Il giurista italiano Sabino Cassese8 ha rilevato lo sviluppo di una global polity, ovvero di un ordinamento giuridico non sistematico che nasce dall’esigenza di regolare alcune tematiche globali come la finanza, l’ambiente, il commercio internazionale che non possono essere affrontate singolarmente dai governi.
Si è avviato in questo modo un doppio meccanismo: i governi partecipano alle decisioni di questi corpi sovranazionali, in molti casi dotati di una governance mista tra pubblico e privato, e allo stesso tempo le regole prodotte affliggono gli Stati stessi.
Gli esecutivi dei governi del ventunesimo secolo diventano così, allo stesso tempo, promotori e oggetto delle regole internazionali. Una rete di poteri, pubblici e privati, elettivi e non, informa lo spazio giuridico-politico globale in cui si muovono gli Stati a livello governativo e quasi mai parlamentare. Una ragnatela che disarticola il concetto di sovranità politica, come più avanti vedremo, e che pone quesiti futuri riguardanti l’accountability e la responsabilità di questi organi non elettivi ma capaci quanto meno di influenzare la legislazione degli Stati nazionali. Ciò fa della globalizzazione e dello sviluppo tecnologico due elementi di per sé portatori di trans-nazionalità nel diritto e nelle decisioni politiche così come di depoliticizzazione delle democrazie.
In alcuni casi, i tecnocrati si sono fatti politici assumendo la guida dei governi italiani come nel caso di Carlo Azeglio Ciampi a metà anni novanta e Mario Monti nel 2011. Profili accademici ed internazionali di alto livello così come una serie di ruoli di prestigio e alta burocrazia ricoperti a livello domestico ed europeo hanno favorito la loro ascesa alla testa del governo. Dunque, in momenti di crisi economica e politica la democrazia italiana si è affidata a figure non politiche per condurre l’esecutivo con i partiti che hanno compiuto un passo indietro sostenendo i governi tecnici in Parlamento. Un esempio di come la politica partitica, in momenti di crisi, può scegliere di auto-depoliticizzarsi, scaricando sulla tecnocrazia la responsabilità delle scelte politiche.

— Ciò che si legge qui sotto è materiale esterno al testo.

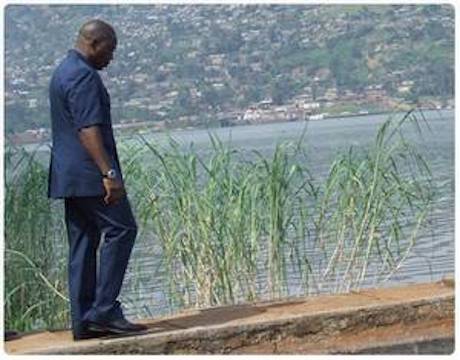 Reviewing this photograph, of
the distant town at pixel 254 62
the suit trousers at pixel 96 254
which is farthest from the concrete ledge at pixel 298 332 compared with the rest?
the distant town at pixel 254 62

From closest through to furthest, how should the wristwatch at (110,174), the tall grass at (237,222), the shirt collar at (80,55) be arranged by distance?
1. the wristwatch at (110,174)
2. the shirt collar at (80,55)
3. the tall grass at (237,222)

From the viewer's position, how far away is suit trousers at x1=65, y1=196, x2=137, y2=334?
19.9ft

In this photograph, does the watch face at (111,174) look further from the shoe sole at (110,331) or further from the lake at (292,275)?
the lake at (292,275)

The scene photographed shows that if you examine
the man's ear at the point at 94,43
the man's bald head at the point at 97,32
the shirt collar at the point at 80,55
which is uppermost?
the man's bald head at the point at 97,32

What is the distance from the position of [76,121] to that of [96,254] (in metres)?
0.68

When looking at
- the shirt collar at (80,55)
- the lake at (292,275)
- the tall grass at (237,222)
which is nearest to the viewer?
the shirt collar at (80,55)

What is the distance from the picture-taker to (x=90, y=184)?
Result: 596 centimetres

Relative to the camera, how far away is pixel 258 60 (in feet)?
38.3

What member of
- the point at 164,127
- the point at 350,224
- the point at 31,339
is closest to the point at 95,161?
the point at 31,339

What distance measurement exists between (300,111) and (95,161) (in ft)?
17.3

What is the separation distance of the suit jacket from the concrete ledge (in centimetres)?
64

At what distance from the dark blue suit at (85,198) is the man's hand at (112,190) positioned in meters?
0.05

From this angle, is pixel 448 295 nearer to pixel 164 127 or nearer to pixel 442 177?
pixel 164 127

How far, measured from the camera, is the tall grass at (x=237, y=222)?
7.62m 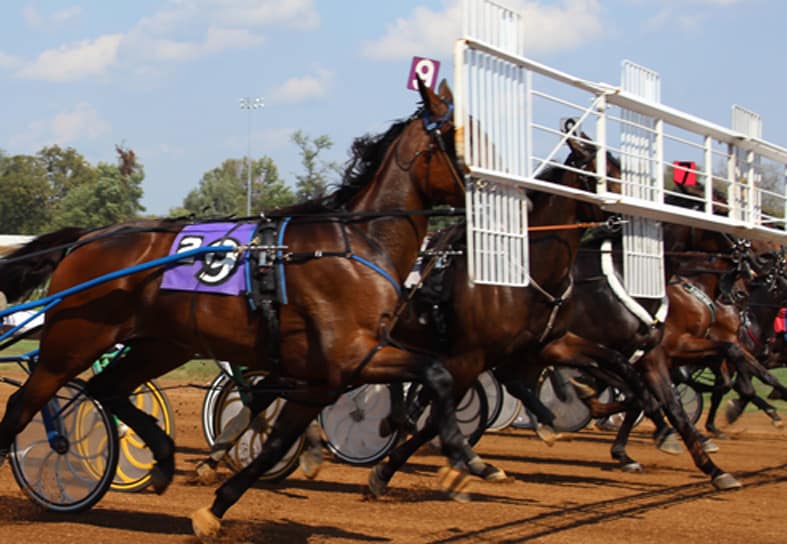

In questo scenario le istituzioni appaiono allontanarsi dai livelli decisionali a cui i cittadini si erano abituati, non ci sono più decisioni locali o nazionali ma locali, nazionali, sovranazionali, internazionali a cui si aggiungono corti nazionali, sovranazionali, internazionali, tribunali arbitrari.
L’allontanamento istituzionale sfocia in un problema di accountability: dove si decide, su cosa e chi lo decide sono spesso domande a cui i cittadini non riescono a dare risposta. Accettare scelte che riguardano la vita quotidiana prese da centri di poteri lontani e senza volto contribuisce a creare quelle tendenze che abbiamo già riscontrato nei paragrafi precedenti.
Queste sono istituzioni sovranazionali che nascono dalla logica della disciplina, una logica senza confini, improntata all’efficienza economica e uniformante per tutti i Paesi occidentali che ha supportato la costruzione del mercato globale. Una logica che oggi si scontra con la logica della democrazia, il ritorno del “politico disordinante” all’interno degli Stati nazionali che sta ridefinendo i confini della scena politica e parlamentare. Il tecno-populismo appare come il punto di contatto tra la piramide che si sviluppa dal basso verso l’alto del populismo e quella che si muove dall’alto verso il basso della tecnocrazia.
Fast democracy e radicalità
Con lo sviluppo delle reti di comunicazione di massa si è entrati nella seconda fase della globalizzazione. Dalla libera circolazione delle merci si è passati a condividere, soprattutto con l’avvento di Internet, un’enorme quantità di informazioni e connessioni. Inoltre, sono cambiate le modalità d’interazione tra esseri umani affiancando al rapporto visivo e verbale quello virtuale, immediato e diretto.
Queste trasformazioni della società sommariamente descritte hanno travolto le forme tradizionali della politica. I sociologi contemporanei hanno individuato nella disintermediazione tra leadership politiche ed elettori il tratto caratterizzante del tempo presente. L’elettore viene coinvolto dalla rete e dai social network in un dibattito permanente e diretto, ha la possibilità d’interloquire in modo molto più agile e semplice con i propri rappresentanti, può apprenderne lo stile di vita, i costumi privati oltre che le dichiarazioni e i programmi dei politici9.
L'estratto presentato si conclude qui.